[MATERIAL FOR THE TASK Boundary: Start]

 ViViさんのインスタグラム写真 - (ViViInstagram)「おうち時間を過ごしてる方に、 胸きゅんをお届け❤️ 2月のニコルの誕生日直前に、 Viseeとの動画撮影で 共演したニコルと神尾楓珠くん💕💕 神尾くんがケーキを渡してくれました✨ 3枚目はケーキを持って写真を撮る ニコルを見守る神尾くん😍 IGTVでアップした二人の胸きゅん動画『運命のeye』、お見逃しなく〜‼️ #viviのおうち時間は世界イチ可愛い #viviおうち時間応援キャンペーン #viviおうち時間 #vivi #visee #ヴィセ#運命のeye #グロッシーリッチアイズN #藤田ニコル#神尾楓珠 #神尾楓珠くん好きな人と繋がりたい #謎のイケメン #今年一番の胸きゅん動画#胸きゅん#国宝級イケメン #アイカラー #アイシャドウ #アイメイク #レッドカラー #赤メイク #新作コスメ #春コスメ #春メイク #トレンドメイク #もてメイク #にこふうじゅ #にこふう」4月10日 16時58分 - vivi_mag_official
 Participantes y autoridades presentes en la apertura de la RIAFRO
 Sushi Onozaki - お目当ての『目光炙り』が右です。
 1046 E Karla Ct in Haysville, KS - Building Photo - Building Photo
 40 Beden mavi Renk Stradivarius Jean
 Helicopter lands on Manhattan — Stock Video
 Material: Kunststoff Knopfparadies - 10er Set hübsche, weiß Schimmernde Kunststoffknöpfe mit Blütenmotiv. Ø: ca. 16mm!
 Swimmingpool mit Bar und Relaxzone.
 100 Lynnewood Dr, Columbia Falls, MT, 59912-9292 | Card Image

[MATERIAL FOR THE TASK Boundary: End]

REQUIRED WORK → Without changing a word, write out each entry again.

RESPONSE TO THIS TASK →
 ViViさんのインスタグラム写真 - (ViViInstagram)「おうち時間を過ごしてる方に、 胸きゅんをお届け❤️ 2月のニコルの誕生日直前に、 Viseeとの動画撮影で 共演したニコルと神尾楓珠くん💕💕 神尾くんがケーキを渡してくれました✨ 3枚目はケーキを持って写真を撮る ニコルを見守る神尾くん😍 IGTVでアップした二人の胸きゅん動画『運命のeye』、お見逃しなく〜‼️ #viviのおうち時間は世界イチ可愛い #viviおうち時間応援キャンペーン #viviおうち時間 #vivi #visee #ヴィセ#運命のeye #グロッシーリッチアイズN #藤田ニコル#神尾楓珠 #神尾楓珠くん好きな人と繋がりたい #謎のイケメン #今年一番の胸きゅん動画#胸きゅん#国宝級イケメン #アイカラー #アイシャドウ #アイメイク #レッドカラー #赤メイク #新作コスメ #春コスメ #春メイク #トレンドメイク #もてメイク #にこふうじゅ #にこふう」4月10日 16時58分 - vivi_mag_official
 Participantes y autoridades presentes en la apertura de la RIAFRO
 Sushi Onozaki - お目当ての『目光炙り』が右です。
 1046 E Karla Ct in Haysville, KS - Building Photo - Building Photo
 40 Beden mavi Renk Stradivarius Jean
 Helicopter lands on Manhattan — Stock Video
 Material: Kunststoff Knopfparadies - 10er Set hübsche, weiß Schimmernde Kunststoffknöpfe mit Blütenmotiv. Ø: ca. 16mm!
 Swimmingpool mit Bar und Relaxzone.
 100 Lynnewood Dr, Columbia Falls, MT, 59912-9292 | Card Image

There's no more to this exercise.